Goal of the exercise: From the entries below, reproduce exactly the line containing "Grão #2 Soundsystem: Paredão", the line containing "Renault Clio 2019", and every line in between, with nothing added.

Extracted entries:

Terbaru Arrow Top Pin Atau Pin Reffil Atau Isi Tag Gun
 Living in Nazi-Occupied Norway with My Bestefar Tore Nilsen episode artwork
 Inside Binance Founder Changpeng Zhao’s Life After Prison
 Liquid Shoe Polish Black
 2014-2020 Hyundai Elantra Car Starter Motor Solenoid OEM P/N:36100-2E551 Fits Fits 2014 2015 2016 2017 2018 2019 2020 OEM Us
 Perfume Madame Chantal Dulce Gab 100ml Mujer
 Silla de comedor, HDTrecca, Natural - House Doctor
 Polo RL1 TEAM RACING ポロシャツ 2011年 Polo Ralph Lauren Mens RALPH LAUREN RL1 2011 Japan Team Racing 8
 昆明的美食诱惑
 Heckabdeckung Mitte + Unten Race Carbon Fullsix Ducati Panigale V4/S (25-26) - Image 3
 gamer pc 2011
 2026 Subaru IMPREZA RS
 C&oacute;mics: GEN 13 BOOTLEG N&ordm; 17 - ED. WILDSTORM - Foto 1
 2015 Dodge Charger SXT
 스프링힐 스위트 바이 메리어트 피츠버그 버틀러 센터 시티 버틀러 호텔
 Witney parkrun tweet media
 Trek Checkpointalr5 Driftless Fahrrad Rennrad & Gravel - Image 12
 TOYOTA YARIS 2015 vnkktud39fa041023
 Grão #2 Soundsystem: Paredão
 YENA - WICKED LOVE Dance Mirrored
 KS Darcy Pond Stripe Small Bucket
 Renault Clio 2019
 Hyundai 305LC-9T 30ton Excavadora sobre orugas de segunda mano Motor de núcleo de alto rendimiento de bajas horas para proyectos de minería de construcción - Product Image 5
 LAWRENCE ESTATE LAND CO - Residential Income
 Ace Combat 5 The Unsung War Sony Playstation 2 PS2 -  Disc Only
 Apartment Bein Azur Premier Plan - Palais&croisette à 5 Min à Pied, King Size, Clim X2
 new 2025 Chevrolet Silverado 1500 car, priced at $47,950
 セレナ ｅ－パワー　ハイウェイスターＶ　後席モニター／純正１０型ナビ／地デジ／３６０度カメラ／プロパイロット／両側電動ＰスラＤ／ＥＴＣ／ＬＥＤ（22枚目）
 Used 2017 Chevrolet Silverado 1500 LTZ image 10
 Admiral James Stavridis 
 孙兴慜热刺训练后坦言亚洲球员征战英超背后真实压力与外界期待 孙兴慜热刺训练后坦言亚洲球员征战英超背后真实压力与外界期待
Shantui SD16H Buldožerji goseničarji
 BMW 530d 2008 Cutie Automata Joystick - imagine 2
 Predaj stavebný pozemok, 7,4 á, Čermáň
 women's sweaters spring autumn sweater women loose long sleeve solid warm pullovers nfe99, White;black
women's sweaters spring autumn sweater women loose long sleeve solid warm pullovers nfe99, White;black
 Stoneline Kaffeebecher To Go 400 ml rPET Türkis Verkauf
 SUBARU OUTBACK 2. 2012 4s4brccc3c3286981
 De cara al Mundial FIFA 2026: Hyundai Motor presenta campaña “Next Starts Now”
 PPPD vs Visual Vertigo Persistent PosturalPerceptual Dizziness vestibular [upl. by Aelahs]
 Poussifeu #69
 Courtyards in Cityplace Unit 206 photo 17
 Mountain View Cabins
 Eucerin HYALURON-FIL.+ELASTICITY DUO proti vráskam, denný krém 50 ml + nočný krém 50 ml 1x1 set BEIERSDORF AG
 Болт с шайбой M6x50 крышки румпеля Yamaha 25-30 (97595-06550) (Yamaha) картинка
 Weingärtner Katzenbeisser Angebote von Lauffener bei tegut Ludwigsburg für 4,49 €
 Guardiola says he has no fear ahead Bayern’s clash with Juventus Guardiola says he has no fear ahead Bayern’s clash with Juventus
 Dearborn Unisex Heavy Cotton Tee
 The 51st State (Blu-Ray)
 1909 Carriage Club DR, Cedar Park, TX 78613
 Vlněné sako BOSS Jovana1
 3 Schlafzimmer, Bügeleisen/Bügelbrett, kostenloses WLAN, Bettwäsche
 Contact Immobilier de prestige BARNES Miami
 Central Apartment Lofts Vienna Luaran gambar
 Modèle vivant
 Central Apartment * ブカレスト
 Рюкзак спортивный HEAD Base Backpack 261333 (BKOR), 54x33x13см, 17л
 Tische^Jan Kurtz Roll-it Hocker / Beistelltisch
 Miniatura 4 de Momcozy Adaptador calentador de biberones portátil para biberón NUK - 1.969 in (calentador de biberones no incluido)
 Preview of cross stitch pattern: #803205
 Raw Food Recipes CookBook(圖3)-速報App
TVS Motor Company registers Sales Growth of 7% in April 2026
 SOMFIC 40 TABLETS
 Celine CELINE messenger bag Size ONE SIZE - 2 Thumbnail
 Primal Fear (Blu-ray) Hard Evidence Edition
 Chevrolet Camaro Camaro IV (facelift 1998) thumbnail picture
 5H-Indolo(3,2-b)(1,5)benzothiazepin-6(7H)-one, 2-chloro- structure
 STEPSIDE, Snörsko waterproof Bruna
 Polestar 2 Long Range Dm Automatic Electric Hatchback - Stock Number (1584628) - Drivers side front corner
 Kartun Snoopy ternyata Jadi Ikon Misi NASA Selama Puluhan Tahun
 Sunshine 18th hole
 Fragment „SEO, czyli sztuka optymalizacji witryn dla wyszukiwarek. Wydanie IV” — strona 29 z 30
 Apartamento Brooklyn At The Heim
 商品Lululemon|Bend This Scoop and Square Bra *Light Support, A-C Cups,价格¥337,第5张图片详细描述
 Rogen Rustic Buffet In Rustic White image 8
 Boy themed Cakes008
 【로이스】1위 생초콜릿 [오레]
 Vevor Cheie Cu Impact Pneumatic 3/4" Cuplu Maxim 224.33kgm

Written answer:
 Grão #2 Soundsystem: Paredão
 YENA - WICKED LOVE Dance Mirrored
 KS Darcy Pond Stripe Small Bucket
 Renault Clio 2019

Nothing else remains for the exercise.